## EXERCISE
Across the following data, state how many lines include the word "Residential". Provide the number alone.

Segment Start: DATASET EXCERPTS

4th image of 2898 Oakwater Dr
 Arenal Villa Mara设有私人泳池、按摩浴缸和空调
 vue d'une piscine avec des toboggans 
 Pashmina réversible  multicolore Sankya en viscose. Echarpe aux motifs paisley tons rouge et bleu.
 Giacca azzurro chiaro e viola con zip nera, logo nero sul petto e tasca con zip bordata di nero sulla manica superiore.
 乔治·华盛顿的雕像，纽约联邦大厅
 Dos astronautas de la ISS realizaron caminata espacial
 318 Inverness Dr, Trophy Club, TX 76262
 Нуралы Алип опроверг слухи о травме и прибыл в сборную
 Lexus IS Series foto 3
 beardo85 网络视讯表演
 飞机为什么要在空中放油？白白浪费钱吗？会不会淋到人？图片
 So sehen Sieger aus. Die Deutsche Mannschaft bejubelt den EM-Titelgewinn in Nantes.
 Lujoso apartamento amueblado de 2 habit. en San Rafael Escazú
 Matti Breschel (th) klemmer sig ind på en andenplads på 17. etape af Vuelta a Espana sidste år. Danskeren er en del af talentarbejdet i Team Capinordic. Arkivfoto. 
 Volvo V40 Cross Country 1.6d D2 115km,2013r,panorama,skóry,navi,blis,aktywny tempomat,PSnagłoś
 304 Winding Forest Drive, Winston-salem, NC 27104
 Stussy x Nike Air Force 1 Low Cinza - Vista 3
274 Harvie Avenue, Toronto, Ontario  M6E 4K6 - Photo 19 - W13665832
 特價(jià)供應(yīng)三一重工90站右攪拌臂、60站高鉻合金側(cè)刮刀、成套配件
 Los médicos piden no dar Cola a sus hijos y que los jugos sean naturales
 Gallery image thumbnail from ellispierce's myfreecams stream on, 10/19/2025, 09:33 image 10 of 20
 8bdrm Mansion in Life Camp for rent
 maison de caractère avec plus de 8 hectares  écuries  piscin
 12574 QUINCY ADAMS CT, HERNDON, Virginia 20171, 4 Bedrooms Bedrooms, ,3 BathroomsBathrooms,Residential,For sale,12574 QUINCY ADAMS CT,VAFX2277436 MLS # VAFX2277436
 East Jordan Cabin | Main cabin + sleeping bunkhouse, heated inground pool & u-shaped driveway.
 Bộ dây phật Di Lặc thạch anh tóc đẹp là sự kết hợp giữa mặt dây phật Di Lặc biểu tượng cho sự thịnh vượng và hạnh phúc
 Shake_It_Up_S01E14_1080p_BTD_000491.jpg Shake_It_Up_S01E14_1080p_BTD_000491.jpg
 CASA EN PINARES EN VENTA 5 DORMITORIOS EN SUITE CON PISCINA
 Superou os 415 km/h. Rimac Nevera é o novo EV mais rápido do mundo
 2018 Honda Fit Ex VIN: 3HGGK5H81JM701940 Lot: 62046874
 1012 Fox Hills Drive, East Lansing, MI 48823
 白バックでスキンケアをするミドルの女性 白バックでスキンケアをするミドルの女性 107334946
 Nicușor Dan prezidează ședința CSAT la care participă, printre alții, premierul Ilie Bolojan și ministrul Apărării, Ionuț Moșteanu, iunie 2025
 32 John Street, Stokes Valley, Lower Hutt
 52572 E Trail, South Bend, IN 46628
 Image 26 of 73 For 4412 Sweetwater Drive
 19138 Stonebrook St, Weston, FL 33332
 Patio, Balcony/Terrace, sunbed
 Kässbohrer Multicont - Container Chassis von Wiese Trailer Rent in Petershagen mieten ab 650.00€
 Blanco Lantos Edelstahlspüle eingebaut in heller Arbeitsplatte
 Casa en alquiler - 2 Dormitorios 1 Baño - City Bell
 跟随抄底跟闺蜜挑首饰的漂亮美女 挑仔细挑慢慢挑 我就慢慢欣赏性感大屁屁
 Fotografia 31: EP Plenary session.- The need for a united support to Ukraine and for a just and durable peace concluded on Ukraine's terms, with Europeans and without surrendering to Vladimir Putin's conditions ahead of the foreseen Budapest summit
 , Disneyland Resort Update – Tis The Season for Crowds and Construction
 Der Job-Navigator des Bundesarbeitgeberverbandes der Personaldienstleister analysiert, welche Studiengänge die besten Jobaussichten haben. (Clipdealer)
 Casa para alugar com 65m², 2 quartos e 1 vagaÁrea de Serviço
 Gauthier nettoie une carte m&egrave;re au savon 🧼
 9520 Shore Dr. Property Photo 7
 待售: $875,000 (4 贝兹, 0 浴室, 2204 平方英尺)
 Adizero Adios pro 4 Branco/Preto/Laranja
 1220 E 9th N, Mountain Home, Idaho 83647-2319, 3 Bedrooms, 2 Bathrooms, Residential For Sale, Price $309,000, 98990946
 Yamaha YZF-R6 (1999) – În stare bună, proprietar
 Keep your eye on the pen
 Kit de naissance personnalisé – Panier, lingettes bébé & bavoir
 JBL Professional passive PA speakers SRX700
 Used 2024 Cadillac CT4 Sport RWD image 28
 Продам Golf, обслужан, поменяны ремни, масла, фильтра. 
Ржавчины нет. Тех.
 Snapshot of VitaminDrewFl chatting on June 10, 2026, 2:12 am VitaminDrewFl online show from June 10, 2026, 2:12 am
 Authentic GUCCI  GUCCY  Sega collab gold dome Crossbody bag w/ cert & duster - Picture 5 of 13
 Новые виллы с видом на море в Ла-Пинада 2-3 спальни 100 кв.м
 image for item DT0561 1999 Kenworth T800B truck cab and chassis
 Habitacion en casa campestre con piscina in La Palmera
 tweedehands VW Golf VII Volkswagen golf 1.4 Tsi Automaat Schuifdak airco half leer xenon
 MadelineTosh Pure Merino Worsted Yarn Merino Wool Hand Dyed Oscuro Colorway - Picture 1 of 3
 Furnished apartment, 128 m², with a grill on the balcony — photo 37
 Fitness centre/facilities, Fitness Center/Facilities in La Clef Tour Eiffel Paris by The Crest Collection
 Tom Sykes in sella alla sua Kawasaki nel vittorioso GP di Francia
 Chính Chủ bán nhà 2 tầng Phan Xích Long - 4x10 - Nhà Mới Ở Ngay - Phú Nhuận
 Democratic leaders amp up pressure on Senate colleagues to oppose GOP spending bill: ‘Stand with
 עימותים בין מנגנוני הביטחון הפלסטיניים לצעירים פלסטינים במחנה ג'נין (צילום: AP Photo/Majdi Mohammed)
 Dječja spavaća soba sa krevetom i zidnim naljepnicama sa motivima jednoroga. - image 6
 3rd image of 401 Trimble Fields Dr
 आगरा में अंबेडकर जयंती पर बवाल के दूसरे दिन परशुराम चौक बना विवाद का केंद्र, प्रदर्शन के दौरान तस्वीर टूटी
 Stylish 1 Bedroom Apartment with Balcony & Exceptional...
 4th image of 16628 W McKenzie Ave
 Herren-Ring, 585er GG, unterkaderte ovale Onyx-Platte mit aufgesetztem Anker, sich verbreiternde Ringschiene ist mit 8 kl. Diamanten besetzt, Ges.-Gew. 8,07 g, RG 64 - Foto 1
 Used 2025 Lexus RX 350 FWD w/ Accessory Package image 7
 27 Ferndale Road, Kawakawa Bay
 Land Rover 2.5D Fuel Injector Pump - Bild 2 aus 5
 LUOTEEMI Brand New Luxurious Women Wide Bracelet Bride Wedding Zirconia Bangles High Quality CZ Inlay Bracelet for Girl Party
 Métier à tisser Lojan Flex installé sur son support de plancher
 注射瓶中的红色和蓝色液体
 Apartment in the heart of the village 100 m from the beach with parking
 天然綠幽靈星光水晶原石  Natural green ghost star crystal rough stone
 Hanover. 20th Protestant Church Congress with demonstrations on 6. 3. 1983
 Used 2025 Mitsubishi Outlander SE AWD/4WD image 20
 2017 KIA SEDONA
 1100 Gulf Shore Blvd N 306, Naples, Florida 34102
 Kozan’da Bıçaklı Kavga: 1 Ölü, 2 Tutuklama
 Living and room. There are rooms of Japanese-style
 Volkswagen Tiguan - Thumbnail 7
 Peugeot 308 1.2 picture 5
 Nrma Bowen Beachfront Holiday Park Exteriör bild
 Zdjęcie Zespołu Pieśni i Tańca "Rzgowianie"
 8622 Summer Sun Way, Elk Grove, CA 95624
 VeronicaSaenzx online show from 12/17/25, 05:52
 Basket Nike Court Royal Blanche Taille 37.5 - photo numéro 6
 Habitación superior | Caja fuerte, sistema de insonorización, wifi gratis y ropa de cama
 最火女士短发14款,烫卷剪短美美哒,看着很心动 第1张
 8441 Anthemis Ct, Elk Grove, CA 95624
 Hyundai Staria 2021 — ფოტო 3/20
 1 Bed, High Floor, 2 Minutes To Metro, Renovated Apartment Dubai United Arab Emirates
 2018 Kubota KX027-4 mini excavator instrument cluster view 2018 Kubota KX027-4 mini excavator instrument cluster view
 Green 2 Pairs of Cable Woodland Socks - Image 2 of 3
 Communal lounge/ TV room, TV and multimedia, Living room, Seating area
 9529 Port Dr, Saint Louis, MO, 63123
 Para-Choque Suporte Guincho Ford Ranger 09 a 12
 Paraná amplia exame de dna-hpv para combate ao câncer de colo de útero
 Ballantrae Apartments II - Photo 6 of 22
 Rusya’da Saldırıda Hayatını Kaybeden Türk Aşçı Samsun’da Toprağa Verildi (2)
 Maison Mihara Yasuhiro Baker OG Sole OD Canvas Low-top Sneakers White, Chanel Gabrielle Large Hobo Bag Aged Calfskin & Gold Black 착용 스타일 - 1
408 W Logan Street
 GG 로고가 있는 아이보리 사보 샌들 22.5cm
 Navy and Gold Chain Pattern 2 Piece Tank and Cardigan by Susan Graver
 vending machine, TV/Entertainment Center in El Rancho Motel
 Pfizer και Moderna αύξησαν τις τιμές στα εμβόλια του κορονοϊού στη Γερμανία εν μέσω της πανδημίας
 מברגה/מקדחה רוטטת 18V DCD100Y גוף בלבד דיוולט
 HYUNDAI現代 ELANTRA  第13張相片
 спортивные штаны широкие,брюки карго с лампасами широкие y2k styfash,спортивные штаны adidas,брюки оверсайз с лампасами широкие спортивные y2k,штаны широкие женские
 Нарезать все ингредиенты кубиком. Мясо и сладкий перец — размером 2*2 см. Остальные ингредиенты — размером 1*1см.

Segment End: DATASET EXCERPTS

## EXERCISE RESULT
2